** Opening The data block **
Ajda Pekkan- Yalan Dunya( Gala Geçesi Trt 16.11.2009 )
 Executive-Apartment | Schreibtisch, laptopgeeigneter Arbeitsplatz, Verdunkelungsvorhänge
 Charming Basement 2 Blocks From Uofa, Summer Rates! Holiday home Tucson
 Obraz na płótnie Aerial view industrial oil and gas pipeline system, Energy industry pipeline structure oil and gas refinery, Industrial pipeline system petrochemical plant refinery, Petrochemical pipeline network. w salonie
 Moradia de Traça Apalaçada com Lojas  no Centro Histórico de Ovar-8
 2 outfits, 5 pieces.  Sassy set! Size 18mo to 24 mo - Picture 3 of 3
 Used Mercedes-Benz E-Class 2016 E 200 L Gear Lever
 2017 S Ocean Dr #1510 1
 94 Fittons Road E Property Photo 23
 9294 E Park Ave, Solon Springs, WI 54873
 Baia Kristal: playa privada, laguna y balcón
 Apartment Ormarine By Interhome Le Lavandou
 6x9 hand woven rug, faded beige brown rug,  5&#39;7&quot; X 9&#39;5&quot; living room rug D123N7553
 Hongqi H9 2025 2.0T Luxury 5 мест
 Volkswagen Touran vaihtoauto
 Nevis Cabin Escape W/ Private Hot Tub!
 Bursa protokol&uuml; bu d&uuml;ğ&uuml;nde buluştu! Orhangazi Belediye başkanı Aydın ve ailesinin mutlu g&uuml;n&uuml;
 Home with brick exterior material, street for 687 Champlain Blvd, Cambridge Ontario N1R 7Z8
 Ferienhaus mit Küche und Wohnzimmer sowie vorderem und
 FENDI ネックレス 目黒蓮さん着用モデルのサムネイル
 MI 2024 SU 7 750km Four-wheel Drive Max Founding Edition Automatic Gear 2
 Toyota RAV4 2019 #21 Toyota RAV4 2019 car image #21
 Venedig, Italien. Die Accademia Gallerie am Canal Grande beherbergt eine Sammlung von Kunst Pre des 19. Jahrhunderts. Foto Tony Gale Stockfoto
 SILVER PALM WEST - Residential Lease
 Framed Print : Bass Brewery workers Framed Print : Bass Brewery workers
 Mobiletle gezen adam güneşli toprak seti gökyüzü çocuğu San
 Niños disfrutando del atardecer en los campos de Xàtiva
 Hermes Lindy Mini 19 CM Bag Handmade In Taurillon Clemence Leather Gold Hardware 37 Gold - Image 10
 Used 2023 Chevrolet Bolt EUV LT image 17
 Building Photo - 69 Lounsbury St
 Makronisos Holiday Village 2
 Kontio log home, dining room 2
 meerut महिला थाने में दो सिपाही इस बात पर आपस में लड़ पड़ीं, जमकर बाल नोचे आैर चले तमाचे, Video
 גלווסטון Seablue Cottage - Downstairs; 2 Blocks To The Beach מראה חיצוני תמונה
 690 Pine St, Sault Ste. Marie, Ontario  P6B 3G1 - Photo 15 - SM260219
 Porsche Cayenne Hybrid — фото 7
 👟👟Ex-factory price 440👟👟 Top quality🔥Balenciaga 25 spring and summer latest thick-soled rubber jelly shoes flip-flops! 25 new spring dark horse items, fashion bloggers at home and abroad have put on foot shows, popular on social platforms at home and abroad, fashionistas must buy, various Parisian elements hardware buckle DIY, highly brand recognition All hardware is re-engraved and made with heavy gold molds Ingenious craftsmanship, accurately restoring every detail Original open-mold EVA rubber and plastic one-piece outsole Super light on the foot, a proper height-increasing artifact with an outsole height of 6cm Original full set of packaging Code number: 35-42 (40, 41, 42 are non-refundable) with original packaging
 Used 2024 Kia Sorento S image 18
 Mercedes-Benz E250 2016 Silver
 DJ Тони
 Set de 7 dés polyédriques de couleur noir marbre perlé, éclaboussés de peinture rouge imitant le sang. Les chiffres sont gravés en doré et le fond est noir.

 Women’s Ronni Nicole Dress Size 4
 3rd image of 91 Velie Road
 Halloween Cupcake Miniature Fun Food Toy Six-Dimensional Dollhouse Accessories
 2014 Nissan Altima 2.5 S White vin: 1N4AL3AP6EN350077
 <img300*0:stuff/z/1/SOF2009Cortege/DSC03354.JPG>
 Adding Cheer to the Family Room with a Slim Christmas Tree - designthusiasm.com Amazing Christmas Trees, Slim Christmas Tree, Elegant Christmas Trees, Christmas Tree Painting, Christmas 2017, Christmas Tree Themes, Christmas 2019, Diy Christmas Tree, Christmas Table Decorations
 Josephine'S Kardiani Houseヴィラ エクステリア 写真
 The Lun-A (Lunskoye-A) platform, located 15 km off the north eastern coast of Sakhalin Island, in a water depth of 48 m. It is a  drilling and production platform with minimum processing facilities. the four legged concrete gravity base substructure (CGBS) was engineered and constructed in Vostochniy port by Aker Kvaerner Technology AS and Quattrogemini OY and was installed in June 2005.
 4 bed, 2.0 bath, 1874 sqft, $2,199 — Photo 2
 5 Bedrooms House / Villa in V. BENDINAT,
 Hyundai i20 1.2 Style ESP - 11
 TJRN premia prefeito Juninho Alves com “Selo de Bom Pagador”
** Closing The data block **
* Task to complete:
In the records above, how many lines include "Gear"? Reply only with the number.

* Your response:
2